Equally, we ought to be clear that the NHS, as a near-wholly single-payer tax-funded national universal healthcare system, intrinsically is a hierarchy. That hierarchy is designed into the plumbing of the politics, the philosophy and the economics of the NHS.

In praise of bureaucracy

The NHS is also, inevitably, a bureaucracy. That is obliged by the multiple requirements of fairness, governance and tax funding.

I use the word bureaucracy in a totally non-pejorative sense here: you can call it administration if you prefer. Call it what you like: bureaucracy, administration, Eric: it is the act of ensuring that we have a robust system that treats people fairly, and distributes resources according to priority and clinical need.

It is not immediately apparent to me that hierarchy, bureaucracy and networks are organic bedfellows.

The Jimmie Lunceford Effect

We also risk forgetting the importance of Cowper’s Fifty-Third Law Of Public Policy. That is The Jimmie Lunceford Effect: it ain’t what you do; it’s the way that you do it – that’s what gets results.

As one seasoned observer of NHS management reform noted, “I am really worried about enhanced services having to be at the network level. In a network, it is more likely that the one practice that does the service will stop, rather than the others taking on a new service. My CCG confirmed they thought this may happen”.

And as Londonwide LMCs CE Dr Michelle Drage replied, “our experience from past practice - ostensibly in the 1990s - tells us that collaboration over a population around 30,000 with community, social, mental health and voluntary services works on the ground. But only if they operate without bureaucratic intrusion and demarcation.”

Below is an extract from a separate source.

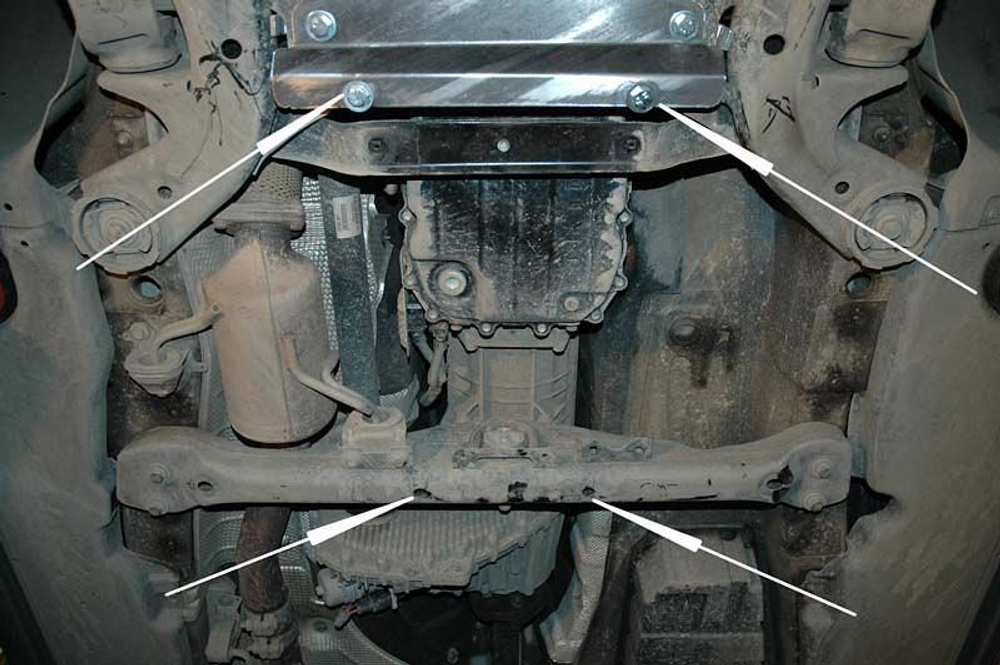 Защита КПП Sheriff для Volkswagen Touareg I (GP) 2002-2010 арт.26.0793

Mmmmmmm. I suspect that the recent experience of NHS provider organisations is not one of operating without bureaucratic intrusion and demarcation. And as I pointed out above, some of the fundamentals of administration require some such intrusion and demarcation.

The question is, I suspect, to no small extent about consent. The advantage of a hierarchy (the word apparently derives from the ancient Greek hierarchia – literally the rule of a high priest, and was first used to describe the heavenly orders of angels) is that we probably don’t waste too much time arguing about what the organisation is there to do.

Form ever follows function

In these sort of debates, the old modernist architecture maxim “form ever follows function” always comes to mind.

And again, here is a famous quote of interesting origins.

I thought it came from Le Corbusier, but the original proponent was the American architect Louis Sullivan, who wrote “Form follows function—that has been misunderstood. Form and function should be one, joined in a spiritual union”.

Sullivan’s protégé Frank Lloyd Wright later adapted it to “form and function are one”.

Perhaps the question behind the question is “which approach do we need here?” Where it is a network, let it be that; where a hierarchy, likewise. And it is likely that it will often be a blend. Which will require skilled mixologists.

There is another interesting conundrum here. If we are putting our faith in networks and systems to solve problems, we need to ensure that national leadership and regulation cohere with this approach.

As such, it is surprising that, as my colleague Shaun Lintern found, the Care Quality Commission’s efforts to secure funding support from the Department For Health But Social Care for its new system reviews team. And the CQC did not even get the courtesy of a reply to its letter to ‘Appless Matt ’Ancock, Secretary Of State For The Time Being.

The CQC’s letter on this issue to health select committee chair Dr Sarah Wollaston MP describes the decision as “disappointing”, a deliberately understated adjective. 

(It would be remiss to allow the HSJ’s 127th birthday yesterday to pass un-noticed. The Poor Law Officer’s Journal has come a long way since its launch in 1892, and it’s great to be a small but perfectly formed part of one of the best publications in the country.)